Die Idee des Open-Space oder die “systematische Kaffeepause“ stammt nicht als sozialen oder gar emanzipatorisch-politischen Bewegungen, wo oftmals Hierarchien und zielgerichtete Treffen (wo das Ergebnis schon vorher festgelegt wurde) im Vordergrund stehen. Am schnellsten wurde sich stattdessen in der Wirtschaft entdeckt, auch um kreative Potentiale von MitarbeiterInnen abzuschöpfen. Open Space ist, wie schon daraus zu sehen ist, nicht per se "gut", d.h. der Zweck und die konkreten Abläufe können und sollten (wie jede Methode) immer kritisch betrachtet, hinterfragt und weiterentwickelt werden. Die Grundidee des Open Space aber ist überzeugend: Auf Konferenzen wurde beobachtet, dass die spannendsten und anregendsten Gespräche in den Pausen zwischen den Vorträgen stattfinden. In diesen informellen Gesprächen werden die wirklichen Wünsche und Ideen der Teilnehmenden eher und auch ehrlicher mitgeteilt – nur leider selten verwirklicht, da es meist bei einem beiläufigen Gespräch bleibt. Zudem bleiben sie intransparent, d.h. das Diskutierte bleibt in den Köpfen derer, die oft sehr zufällig beieinander standen und erreichen andere, die daran auch Interesse haben oder ähnliche Aktivitäten verfolgen, nicht. Die Wirtschaft hat aus diesen “Flurgesprächen” eine Methode entwickelt, um diese Ideen - selbstverständlich effektiv - zu “nutzen”.
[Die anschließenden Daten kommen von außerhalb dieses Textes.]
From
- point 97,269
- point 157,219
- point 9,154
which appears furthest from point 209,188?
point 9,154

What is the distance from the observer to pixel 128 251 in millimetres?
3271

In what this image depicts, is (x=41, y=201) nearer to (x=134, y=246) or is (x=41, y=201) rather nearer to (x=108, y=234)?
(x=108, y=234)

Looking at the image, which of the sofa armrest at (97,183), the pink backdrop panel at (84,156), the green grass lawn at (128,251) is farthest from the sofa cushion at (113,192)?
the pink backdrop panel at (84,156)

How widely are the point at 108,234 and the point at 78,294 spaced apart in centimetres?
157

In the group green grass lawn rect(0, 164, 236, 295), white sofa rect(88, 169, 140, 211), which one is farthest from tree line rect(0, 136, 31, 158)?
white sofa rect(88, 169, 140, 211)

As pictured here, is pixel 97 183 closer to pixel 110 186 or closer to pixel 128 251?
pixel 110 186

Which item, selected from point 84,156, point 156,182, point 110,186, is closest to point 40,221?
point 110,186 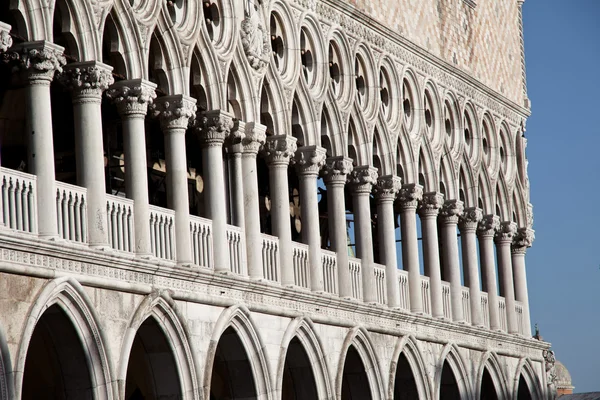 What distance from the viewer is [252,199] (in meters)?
21.6

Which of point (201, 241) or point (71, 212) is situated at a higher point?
point (201, 241)

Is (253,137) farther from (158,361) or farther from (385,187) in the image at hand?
(385,187)

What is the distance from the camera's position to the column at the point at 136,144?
61.5ft

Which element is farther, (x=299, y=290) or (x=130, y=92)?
(x=299, y=290)

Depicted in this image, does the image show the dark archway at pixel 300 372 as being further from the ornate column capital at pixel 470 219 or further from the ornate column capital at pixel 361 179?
the ornate column capital at pixel 470 219

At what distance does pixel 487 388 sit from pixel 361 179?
6.53 m

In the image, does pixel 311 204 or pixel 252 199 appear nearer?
pixel 252 199

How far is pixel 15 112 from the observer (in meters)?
22.8

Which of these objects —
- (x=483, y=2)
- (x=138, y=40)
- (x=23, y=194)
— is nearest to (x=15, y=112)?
(x=138, y=40)

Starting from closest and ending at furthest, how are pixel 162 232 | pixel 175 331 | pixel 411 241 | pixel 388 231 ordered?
pixel 175 331 → pixel 162 232 → pixel 388 231 → pixel 411 241

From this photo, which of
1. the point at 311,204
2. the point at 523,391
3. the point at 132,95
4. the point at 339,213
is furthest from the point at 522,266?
the point at 132,95

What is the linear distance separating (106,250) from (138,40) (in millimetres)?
2877

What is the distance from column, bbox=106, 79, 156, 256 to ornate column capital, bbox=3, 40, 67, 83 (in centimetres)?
179

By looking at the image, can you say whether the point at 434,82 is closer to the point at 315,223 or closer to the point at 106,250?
the point at 315,223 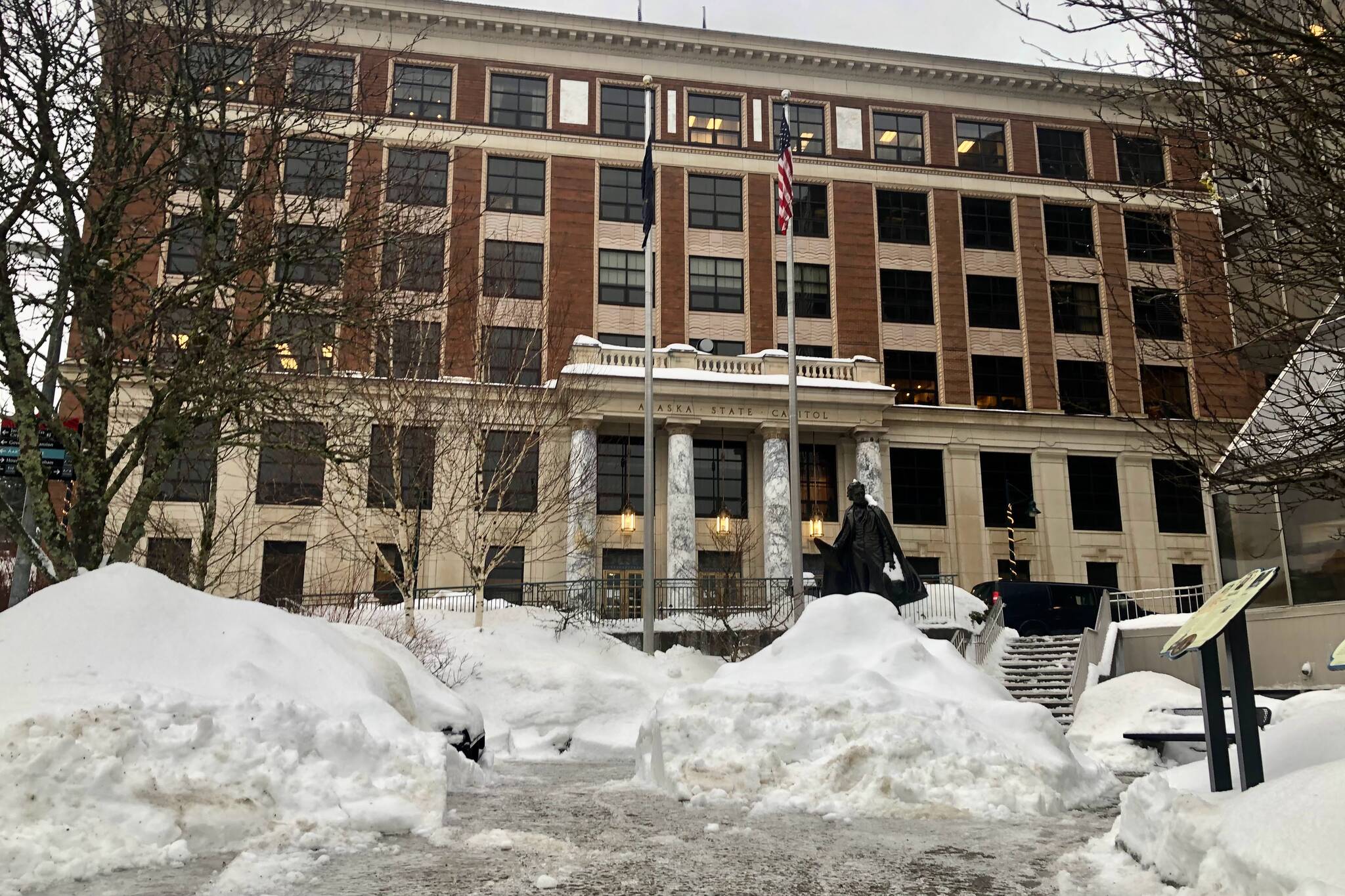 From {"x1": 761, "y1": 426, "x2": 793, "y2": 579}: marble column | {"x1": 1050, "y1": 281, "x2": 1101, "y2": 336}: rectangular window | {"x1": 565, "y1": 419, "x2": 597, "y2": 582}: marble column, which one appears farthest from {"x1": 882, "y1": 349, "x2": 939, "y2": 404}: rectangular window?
{"x1": 565, "y1": 419, "x2": 597, "y2": 582}: marble column

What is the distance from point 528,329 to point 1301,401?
27167mm

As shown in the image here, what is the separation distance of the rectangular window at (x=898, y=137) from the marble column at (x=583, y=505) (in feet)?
63.6

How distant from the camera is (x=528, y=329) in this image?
33.1 meters

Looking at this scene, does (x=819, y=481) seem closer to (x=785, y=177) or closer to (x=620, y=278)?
(x=620, y=278)

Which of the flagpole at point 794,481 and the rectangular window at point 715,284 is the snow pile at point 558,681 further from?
the rectangular window at point 715,284

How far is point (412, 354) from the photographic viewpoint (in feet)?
85.3

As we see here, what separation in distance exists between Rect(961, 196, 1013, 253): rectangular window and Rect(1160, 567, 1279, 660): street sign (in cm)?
3838

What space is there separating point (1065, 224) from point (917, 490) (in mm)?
14605

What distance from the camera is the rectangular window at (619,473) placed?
118 ft

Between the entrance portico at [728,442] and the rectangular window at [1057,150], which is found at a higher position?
the rectangular window at [1057,150]

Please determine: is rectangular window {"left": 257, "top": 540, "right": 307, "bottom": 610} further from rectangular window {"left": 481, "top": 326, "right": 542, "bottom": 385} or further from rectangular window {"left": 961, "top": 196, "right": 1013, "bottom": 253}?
rectangular window {"left": 961, "top": 196, "right": 1013, "bottom": 253}

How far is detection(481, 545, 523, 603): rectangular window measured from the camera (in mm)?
34406

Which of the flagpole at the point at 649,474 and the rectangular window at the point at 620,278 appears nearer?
the flagpole at the point at 649,474

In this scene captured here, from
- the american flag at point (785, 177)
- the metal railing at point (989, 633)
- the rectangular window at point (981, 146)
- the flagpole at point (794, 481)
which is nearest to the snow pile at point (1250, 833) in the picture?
the flagpole at point (794, 481) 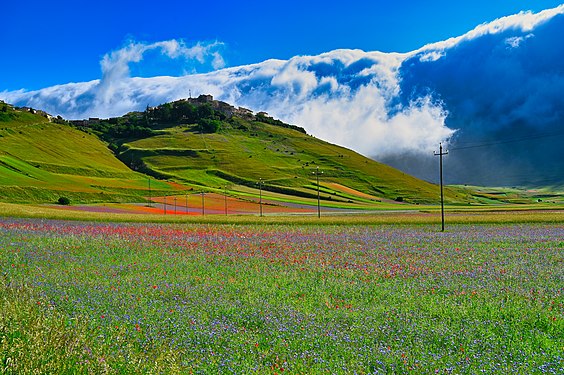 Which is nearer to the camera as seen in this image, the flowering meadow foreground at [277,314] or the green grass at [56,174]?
the flowering meadow foreground at [277,314]

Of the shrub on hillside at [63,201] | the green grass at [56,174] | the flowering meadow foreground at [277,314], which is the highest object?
the green grass at [56,174]

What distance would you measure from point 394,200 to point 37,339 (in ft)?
627

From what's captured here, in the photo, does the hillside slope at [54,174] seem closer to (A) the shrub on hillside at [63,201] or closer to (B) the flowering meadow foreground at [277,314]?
(A) the shrub on hillside at [63,201]

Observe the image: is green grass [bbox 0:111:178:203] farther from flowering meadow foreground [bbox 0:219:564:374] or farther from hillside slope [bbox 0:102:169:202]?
flowering meadow foreground [bbox 0:219:564:374]

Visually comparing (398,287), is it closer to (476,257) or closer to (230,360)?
(230,360)

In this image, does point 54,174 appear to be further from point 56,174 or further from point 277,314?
point 277,314

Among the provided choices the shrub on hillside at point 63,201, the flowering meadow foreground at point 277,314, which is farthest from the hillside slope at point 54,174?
the flowering meadow foreground at point 277,314

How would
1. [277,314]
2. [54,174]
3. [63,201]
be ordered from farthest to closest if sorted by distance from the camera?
[54,174]
[63,201]
[277,314]

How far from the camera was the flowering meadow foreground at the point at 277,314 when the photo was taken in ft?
28.9

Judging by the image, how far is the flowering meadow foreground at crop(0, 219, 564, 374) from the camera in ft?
28.9

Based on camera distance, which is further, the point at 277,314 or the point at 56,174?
the point at 56,174

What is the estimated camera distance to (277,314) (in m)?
12.4

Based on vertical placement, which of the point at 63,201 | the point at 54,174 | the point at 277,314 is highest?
the point at 54,174

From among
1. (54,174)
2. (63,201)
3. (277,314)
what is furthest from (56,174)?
(277,314) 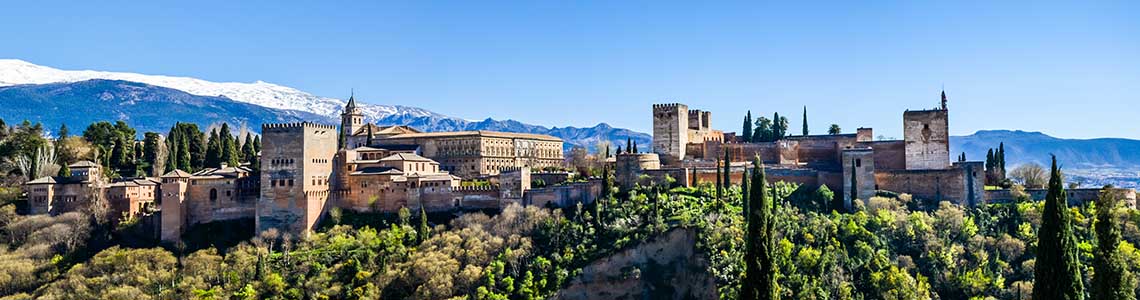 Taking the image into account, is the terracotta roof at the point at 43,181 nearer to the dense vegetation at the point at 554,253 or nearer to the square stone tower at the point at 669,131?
the dense vegetation at the point at 554,253

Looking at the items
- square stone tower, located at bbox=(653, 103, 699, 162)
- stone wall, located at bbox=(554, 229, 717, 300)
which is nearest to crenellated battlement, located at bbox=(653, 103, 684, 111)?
square stone tower, located at bbox=(653, 103, 699, 162)

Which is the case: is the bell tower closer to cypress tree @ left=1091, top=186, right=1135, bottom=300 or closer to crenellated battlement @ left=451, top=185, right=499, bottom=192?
crenellated battlement @ left=451, top=185, right=499, bottom=192

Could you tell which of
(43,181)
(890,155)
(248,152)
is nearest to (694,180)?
(890,155)

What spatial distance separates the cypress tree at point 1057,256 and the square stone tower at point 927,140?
102 ft

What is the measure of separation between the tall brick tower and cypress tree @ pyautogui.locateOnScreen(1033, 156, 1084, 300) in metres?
31.2

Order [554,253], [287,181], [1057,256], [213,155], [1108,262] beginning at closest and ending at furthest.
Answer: [1108,262]
[1057,256]
[554,253]
[287,181]
[213,155]

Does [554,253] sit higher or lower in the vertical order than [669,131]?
lower

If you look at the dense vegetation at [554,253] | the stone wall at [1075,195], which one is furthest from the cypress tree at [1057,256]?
the stone wall at [1075,195]

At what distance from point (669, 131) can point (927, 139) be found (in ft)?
58.8

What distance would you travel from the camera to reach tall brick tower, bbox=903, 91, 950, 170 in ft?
185

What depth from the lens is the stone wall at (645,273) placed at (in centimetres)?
4897

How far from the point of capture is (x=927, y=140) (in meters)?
56.6

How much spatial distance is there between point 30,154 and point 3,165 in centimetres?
174

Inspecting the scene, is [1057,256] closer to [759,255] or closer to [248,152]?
[759,255]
Dieses Verfahren schafft in einem räumlichen und zeitlichen Zusammenhang die Möglichkeiten der freien Entwicklung von Diskussionsprozessen und Themen. Ständig können neue Fragestellungen und Themen je nach Verlauf der Debatte aufkommen und "ausgerufen" werden (z.B. durch Anschreiben an einer zentralen Säule "Thema XY trifft sich um ... Uhr in Raum A/in der Sesselgruppe am Aquarium"). Es gibt keine festen Anfangs- und Endzeiten der Kleingruppen. Es kann ein Kommen und Gehen zwischen den Kleingruppen entstehen. Während einige zuende gehen, entstehen neue Fragestellungen. Jede und jeder kann Themen benennen und zur Debatte einladen. Beim Open Space setzen sich meist die Themen durch (Abstimmung mit den Füßen, d.h. wo Leute hingehen, da kann auch die Debatte laufen - denkbar aber sind auch Arbeitskreise allein), die aus der jeweiligen Situation heraus entstehen, wenn ein unmittelbares Interesse vorhanden ist. Das ist auch gut so, da es bisherige Dominanzgruppen und -personen auf eine gleichberechtigte Ebene bringt. Wichtig ist, daß die Ergebnisse an den Stellen der Diskussion dokumentiert werden (z.B. als Plakat oder Protokoll), um wiederum die nötige Transparenz herzustellen über die diskutierten Inhalte, ob eine Debatte weitergeht oder ob konkrete Vorschläge bzw. Aktionsideen entwickelt wurden. Ein Austausch in zwischengeschalteten und abschließenden Plena ergänzt das, fördert die Entstehung neuer Diskussionen, das Zusammenkommen sich berührender Themen usw.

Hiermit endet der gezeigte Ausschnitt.